QPP Model Training and Transfer
Enter the directory:
cd ./query_performance_predict
Data generation and preparation:
python data_process.py
python data_normalized.py
For the NSG index, run:
python data_process_nsg.py
python data_normalized_nsg.py
The subsequent steps are similar.
Train the QPP model:
python train.py
Transfer the QPP model to a new dataset dataset_name:
python active_learning.py --dataset-name dataset_name --experiment-mode main
See query_performance_predict/Args.py for experiment-mode options.
Successive transfer across multiple datasets (dataset_name1 → dataset_name2 → dataset_name3 → ...):
python active_learning_successive.py --dataset-name dataset_name1 --experiment-mode dataset_change
python active_learning_successive.py --dataset-name dataset_name2 --lats-dataset-name dataset_name1 --experiment-mode dataset_change
python active_learning_successive.py --dataset-name dataset_name3 --lats-dataset-name dataset_name2 --experiment-mode dataset_change
# ...
PCR Model Training and Online Tuning
Enter the directory:
cd ./parameter_configuration_recommend
Train the PCR model:
python train.py
Online Tuning and Evaluation:
Default target recalls: [0.85, 0.88, 0.90, 0.92, 0.94, 0.95, 0.96, 0.98, 0.99].

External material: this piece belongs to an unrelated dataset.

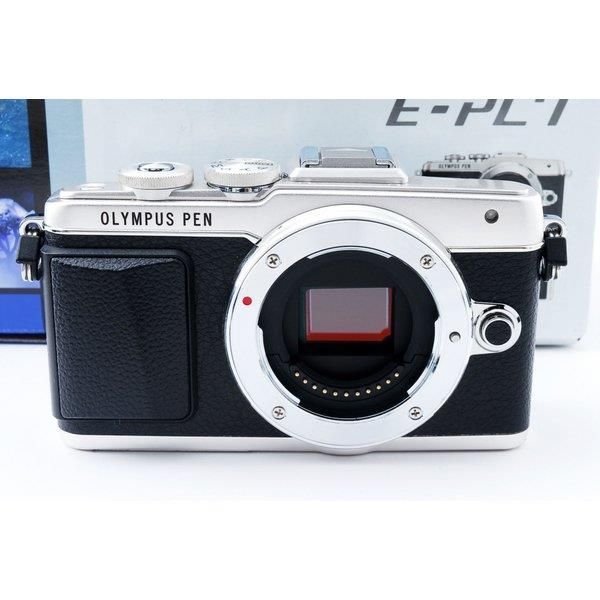 掛軸 水鶏(くいな) 渡辺清作 鑑定箱書付 共箱 紙箱 S936KJ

python evaluate.py --dataset-name dataset_name --experiment-mode main
Generate recommended parameter configurations:
python generate_recommended_configurations.py --dataset-name dataset_name --experiment-mode main
Plot training/evaluation curves:
python draw_training_results.py --training-mode train
# or
python draw_training_results.py --dataset-name dataset_name --training-mode evaluate --experiment-mode main
Verify the query performance of recommended configurations
From the project root PGTuner:
python query_performance_verify.py --dataset-name dataset_name --experiment-mode main
For the NSG index:
cd ./NSG_KNNG
python nsg_query_performance_verify.py --dataset-name dataset_name --experiment-mode main
Examples
There are some data provided under PGTuner/Data:
- Dataset features:
data_feature.csv - Query performance data (5 base datasets):
index_performance_train.csv - Query performance data (6 new datasets):
index_performance_test_main.csv
Additionally, the pretrained PCR model is available in PGTuner/parameter_configuration_recommend for out‑of‑the‑box online tuning.

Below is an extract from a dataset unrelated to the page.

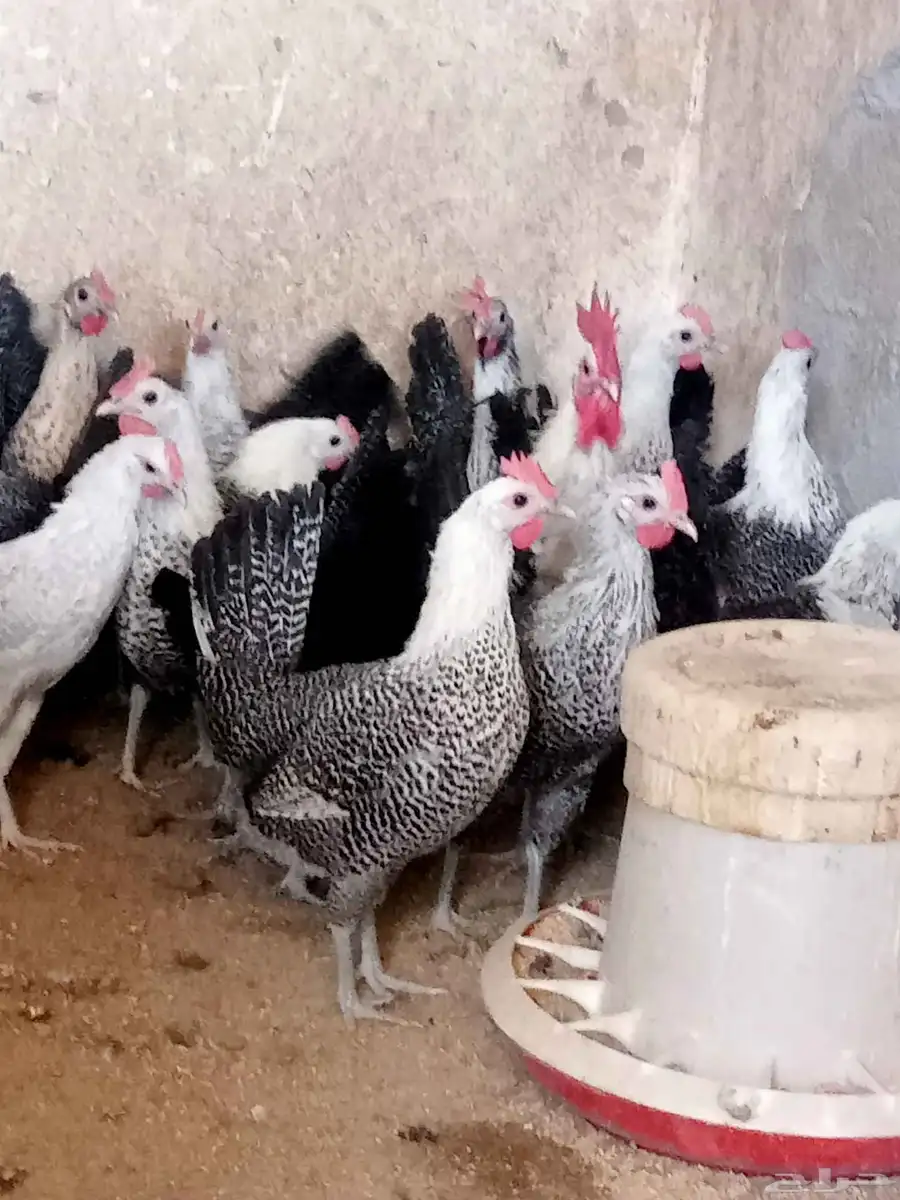 دجاج فيومي بياض 0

Quick start (from the project root PGTuner):
# Run once for setup
chmod +x example.sh
cd ./query_performance_predict
python data_process.py
python data_normalized.py
python train.py
cd ..
# pipeline run
./example.sh tiny main
Version Notes
In the current version:
active_learning.py,active_learning_nsg.py, andactive_learning_successive.pyobtain the query performance data of the selected unlabeled configurations from pre‑generated data files (produced by prior GridSearch runs).- In
evaluate.pyandevaluate_nsg.py, the query performance corresponding to the configuration(20, 4, 10)is also read from existing data.
This way does not affect the running logic of PGTuner. The future version will obtain the query performance of these configurations by constructing indexes on the fly, which better suitable for real-world applications.